The prime minister said this when Sumith Nakandala, the outgoing secretary general of the Bay of Bengal Initiative for Multi-Sectoral Technical and Economic Cooperation (Bimstec), called on her at her office.
Regarding terrorism, she said it was now a global phenomenon. "All countries should work together against the menace."
While talking to visiting Turkish First Lady Emine Erdogan and Turkish Foreign Minister Mevlut Cavusoglu at the Gono Bhaban in the evening, Hasina said Bangladesh has given shelter to the displaced Rohingyas purely on humanitarian grounds.
She described it as a big burden on the country.
Hasina said the international community must take the responsibility in this regard.
The PM said the government has taken initiatives to identify the refugees as it wants to ensure that no terrorist under the guise of refugee enters Bangladesh.
"We won't allow our land to be used by any insurgent or for terrorist activities against any country.
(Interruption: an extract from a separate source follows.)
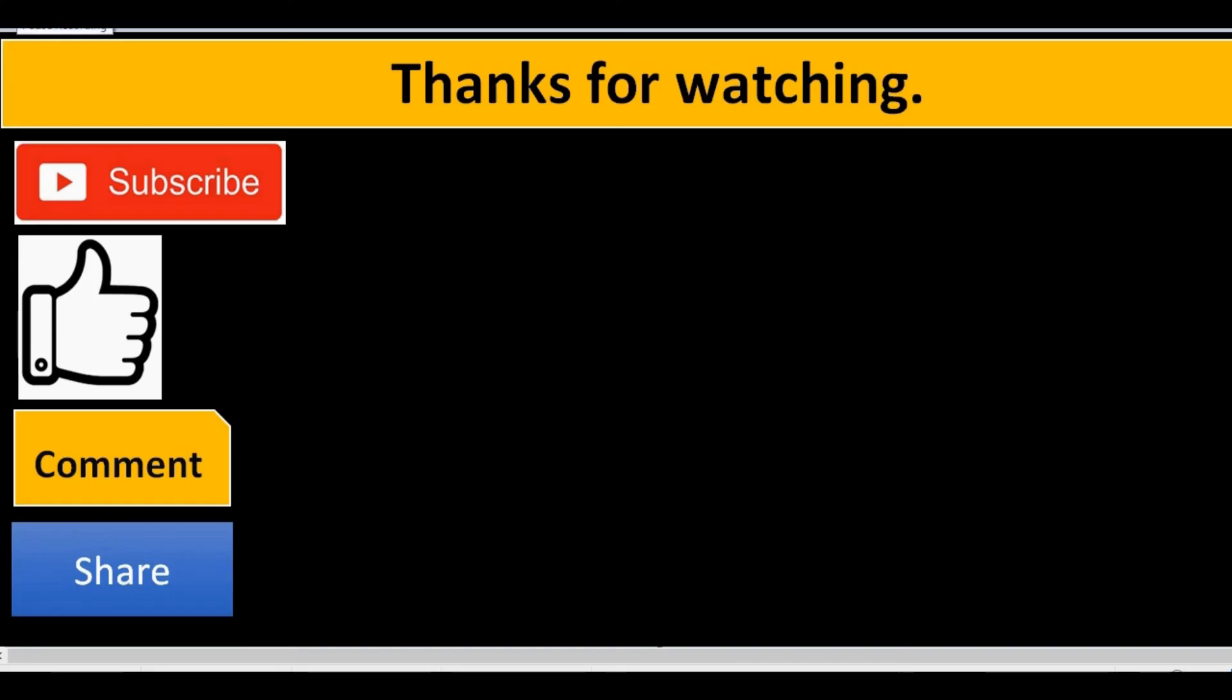Thanks for watching. If you liked this video, then please subscribe, like, comment, and share.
Terrorists have no religion and territorial identity."
The Turkish first lady appreciated Bangladesh for giving shelter to the displaced Myanmar nationals, saying Turkey is trying to mobilise global opinions against the persecution as the entire world has the responsibility to resolve the crisis.
She said Turkey would raise the issue at the upcoming OIC Summit in Kazakhstan.
During the central working committee meeting of ruling Awami League at the Gono Bhaban, Hasina said her government wants Myanmar to take back its nationals.
"We're putting pressure on the Myanmar government so that they take back their nationals who are now staying in Bangladesh," she said in her introductory speech.
"Incidents are happening one after another and [Rohingya] people are coming here for shelter after losing all they have. We're trying our best to help and assist them."
She said the intrusion of the Myanmar refugees started in 1978.
"The most painful matter is that women and children die every day in boat capsizes ... it can't be tolerated," she said.